Downregulation of spermatogenesis-associated transcripts in the spermatozoa of idiopathic infertile men

Andrology. 2025 May 10. doi: 10.1111/andr.70060. Online ahead of print.

Abstract

Background: Approximately half of male factor infertility cases are idiopathic, indicating a need for new methods to supplement male fertility assessment.

Objectives: The objective of this study was to identify differences in the sperm transcriptomes of men with different clinical fertility status. We hypothesized that sperm mRNA profiling could distinguish men presenting for fertility assessment from proven fertile men.

Materials and methods: We compared two groups of study participants: men who presented for infertility assessment (n = 53, "infertility"), and men without a history of infertility who had fathered a child and were presenting for vasectomy (n = 14, "proven fertile" control). Study participants provided a semen sample for semen analysis and sperm mRNA sequencing. Differentially abundant genes were identified, and a gene expression summary score was constructed to test the ability of RNA-seq data to differentiate between study populations.

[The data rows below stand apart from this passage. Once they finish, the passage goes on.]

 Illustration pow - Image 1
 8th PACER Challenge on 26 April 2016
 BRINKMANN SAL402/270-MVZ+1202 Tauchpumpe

Results: The semen parameter that best differentiated between study populations was motility (area under the ROC curve = 0.746). In RNA-seq analysis, 1885 total differentially abundant transcripts were identified (q < 0.05, fold difference ≥ 2), 1004 (53.3%) of which were downregulated in infertility study participants. The Gene Ontology term, spermatogenesis, was enriched, with 40 out of 44 differentially abundant genes downregulated in infertility study participants. A gene expression summary score consisting of 100 upregulated and 100 downregulated genes was able to differentiate between the two groups of study participants.

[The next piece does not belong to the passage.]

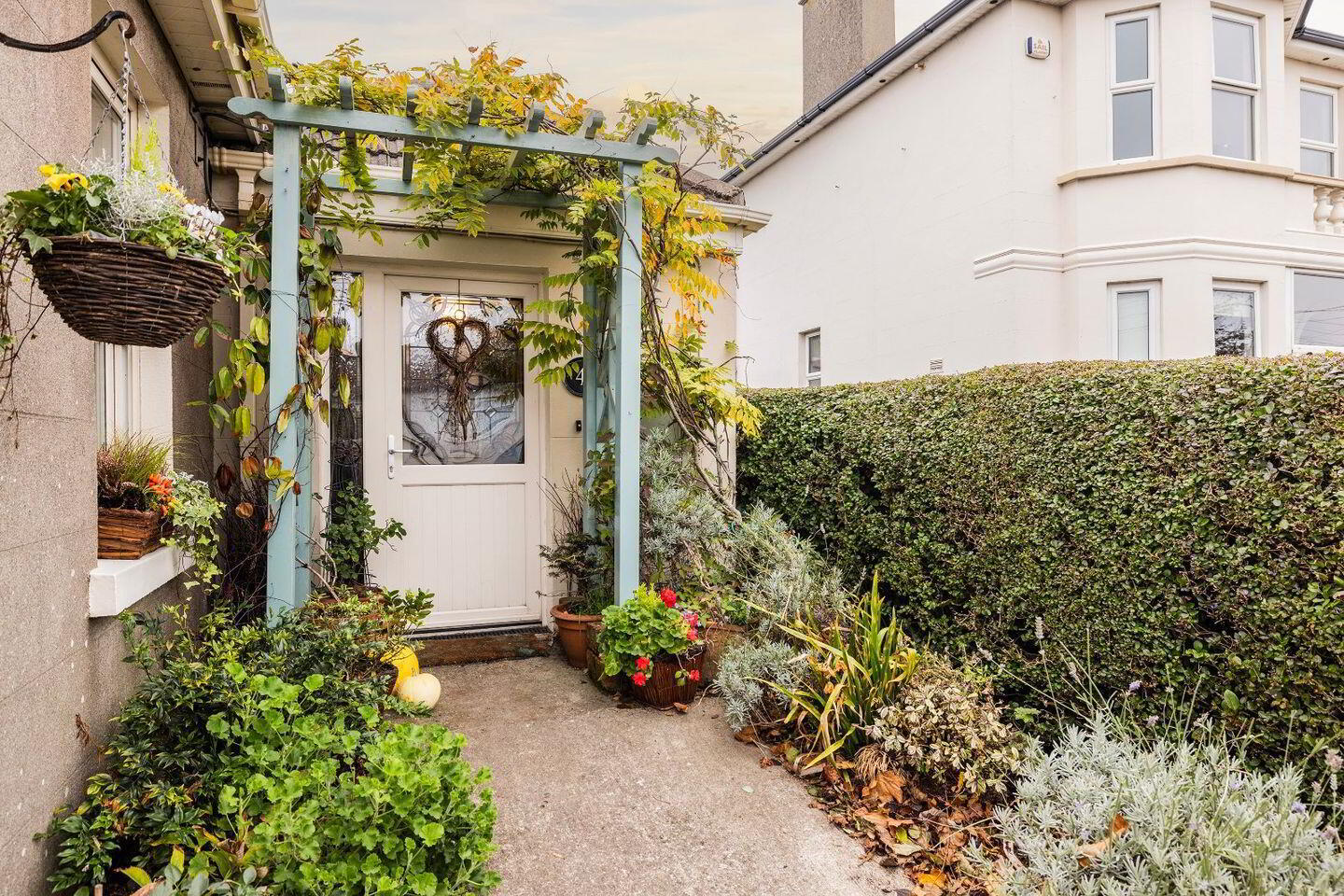4 Dublin Road 3 of 21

Discussion: Sperm mRNAs differed between proven fertile and infertility study men. Known fertility-associated genes, including PRM1 and PRM2, and potentially novel fertility markers, including HOOK1 and SPATA6, were downregulated in infertility study samples. Future studies should test these results for reproducibility and test whether novel biomarker candidates can provide mechanistic information about etiologies of idiopathic male infertility.

Conclusion: Our results support the hypothesis that sperm mRNA abundance differs by clinical fertility status.

Keywords: biomarkers; infertility; spermatozoa; transcriptomics.